WHAT YOU ARE ASKED TO DO
Copy the listing that follows exactly. Its pictures do not belong in the copy.

DATASET EXCERPT
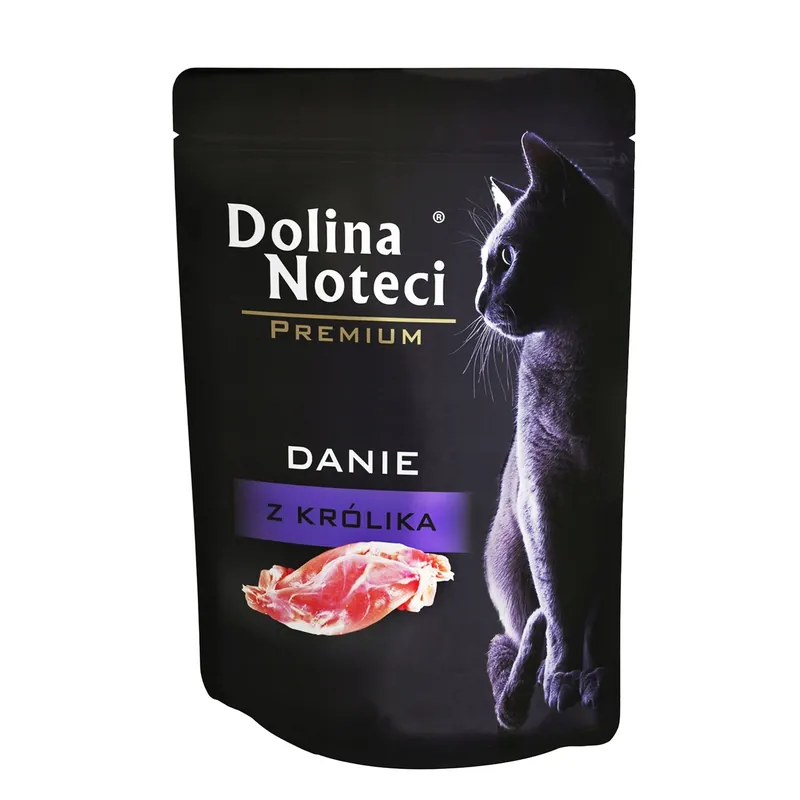 Nie przegap Dolina Noteci Premium Danie mokra karma dla kota 85g Królik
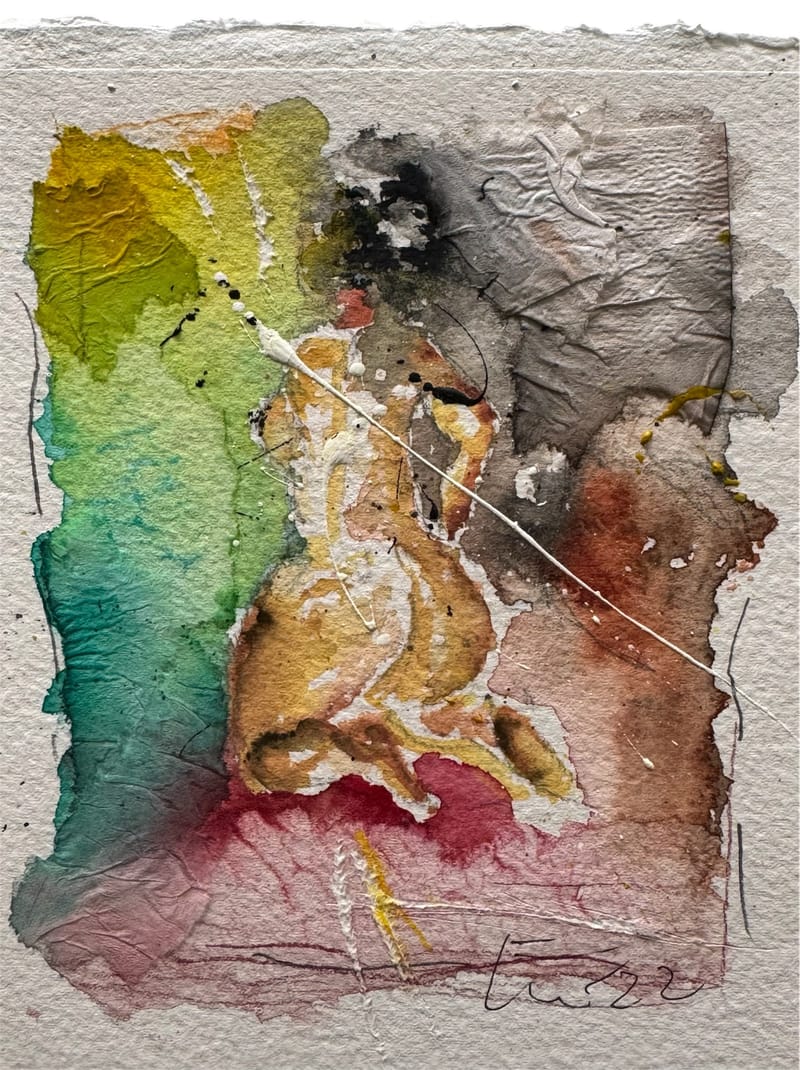 Mujer de rodillas I (2022) 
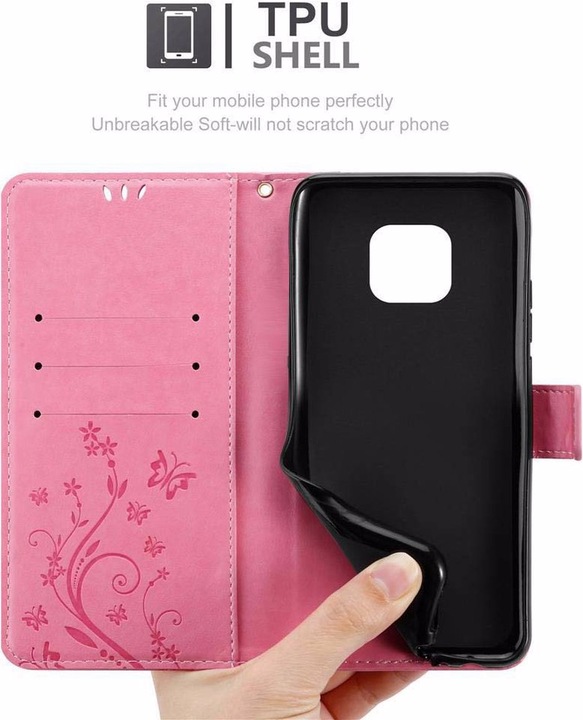 Produktbild Cadorabo Flower Book Cover (Huawei Mate 20 Pro)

RESULT
 Nie przegap Dolina Noteci Premium Danie mokra karma dla kota 85g Królik
 Mujer de rodillas I (2022) 
 Produktbild Cadorabo Flower Book Cover (Huawei Mate 20 Pro)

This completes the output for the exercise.